A história, até aqui: duas semanas atrás, Trump declarou que se o Congresso criasse um plano para proteger os chamados Dreamers [sonhadores] –imigrantes não documentados trazidos aos Estados Unidos quando crianças– e ao mesmo tempo reforçasse a segurança da fronteira, ele assinaria.

Dois dias mais tarde, um grupo bipartidário de senadores levou a ele um plano que fazia exatamente isso –e Trump o rejeitou, se queixando de imigrantes de "países de merda".

Na sexta-feira, Chuck Schumer, o líder do Partido Democrata no Senado, parecia ter chegado a pelo menos um acordo de curto prazo com Trump, mas o viu negado algumas horas mais tarde. Trabalhar com Trump é como "negociar com gelatina", resmungou Schumer.

Por fim, na segunda-feira os democratas concordaram em estender por três semanas as verbas do governo em troca de uma promessa de Mitch McConnell, o líder da maioria republicana no Senado, de que um projeto de lei sobre a imigração seria votado (não ouvimos nada a respeito vindo de Trump).

Se a votação não acontecer, voltaremos à estaca zero dia 8 de fevereiro. Alguém quer apostar sobre o que acontecerá?

TRAIÇÕES

Basicamente, portanto, o governo da maior nação do planeta está cambaleando de crise a crise porque não se pode confiar em que seu líder honre um acordo.

Mas o que você esperava? Toda a carreira de negócios de Trump consiste de uma série de traições –empreendimentos de negócios falidos com os quais ele lucrou pessoalmente mas pelos quais outras pessoas, quer fossem alunos da Universidade Trump, fornecedores ou credores, terminaram pagando.

E ele não cresceu, ao assumir a presidência, a menos que você queira contar os misteriosos 2,5 centímetros a mais de altura que ele agora diz ter.

Há duas coisas que é preciso perceber sobre a completa falta de confiabilidade de Trump. Primeiro, ela tem ramificações que vão além da recente paralisação das atividades do governo. Segundo, ela é possibilitada, ou no mínimo agravada, por aqueles que facilitam a vida dele no Congresso.

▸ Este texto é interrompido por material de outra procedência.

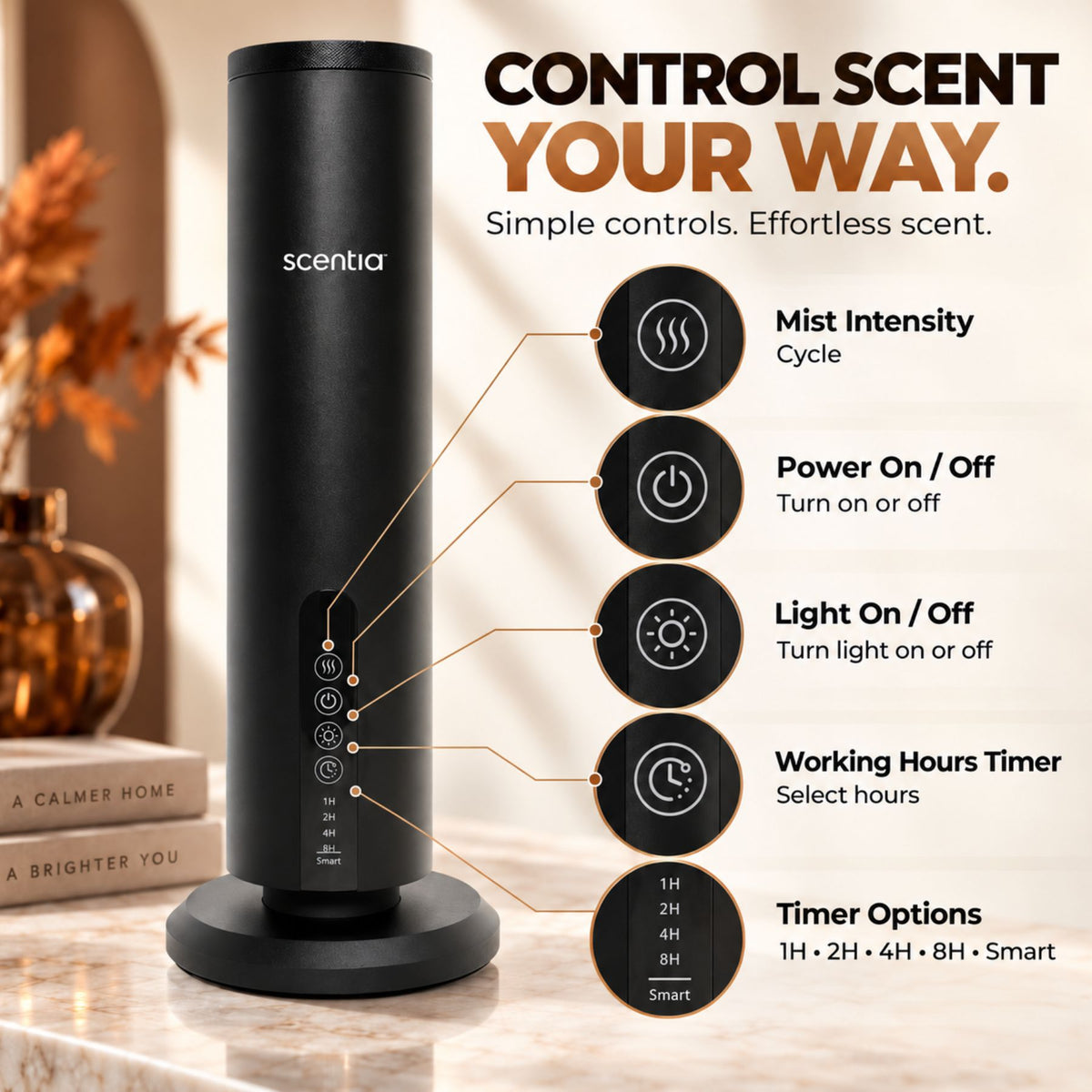 Fall Signature: Scentia Max + Fall Discovery Kit (3×50ml)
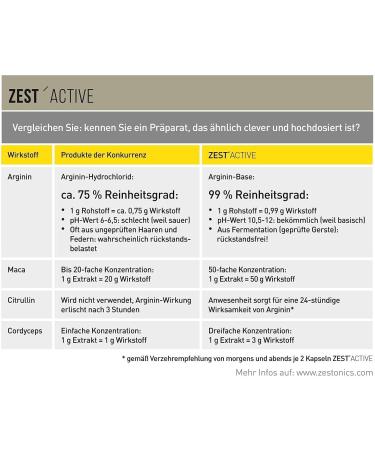 ZestActive L-Arginine Base Maca & L-Citrulline Capsules | Zestonics - Best Maca + Arginine Comparison Winner 2021 at Arginin.de - Buy Online on GoSupps.com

Pense, por exemplo, nas consequências internacionais de um presidente dos Estados Unidos cuja palavra não mereça confiança. Com quem poderemos contar como aliado confiável quando país algum sabe se os Estados Unidos estarão presentes quando precisarem de ajuda?

Pelo menos até agora, os mercados financeiros, continuam a encarar o governo dos Estados Unidos como digno de confiança, ainda que, durante a campanha de 2016, Trump tenha falado repetidamente sobre forçar os credores do país –como os credores de algumas de suas empresas– a aceitar menos do que lhes é devido. Mas será que seu governo tem alguma reserva de credibilidade financeira se algo der errado?

Provavelmente não.

CONGRESSO

Em outras palavras, a falta de confiabilidade de Trump é um grande problema, não importa qual seja a substância de suas políticas. Mas vejam só que engraçado: embora os instintos dele sejam autocráticos, a constituição não o coloca acima da lei.

O Congresso tem o poder de restringir suas ações, de forçá-lo a honrar seus compromissos. Sua capacidade de continuar traindo aqueles que confiam nele depende inteiramente da disposição dos republicanos do Congresso de permitir que isso aconteça.

Por exemplo, teriam bastado dois dos senadores republicanos que agora se declaram preocupados com a traição aos dreamers para forçar ação, ao negar os votos necessários à aprovação do corte de impostos de Trump.

Eles não agiram. Inação semelhante explica por que Trump foi capaz de violar todas as normas prévias quanto a explorar seu posto para ganho pessoal, e muito mais.

O resultado é que as promessas do governo dos Estados Unidos agora valem tão pouco quanto as de qualquer ditador de meia pataca. Ainda não sabemos que preço teremos de pagar por essa perda de credibilidade, mas ele provavelmente não será baixo.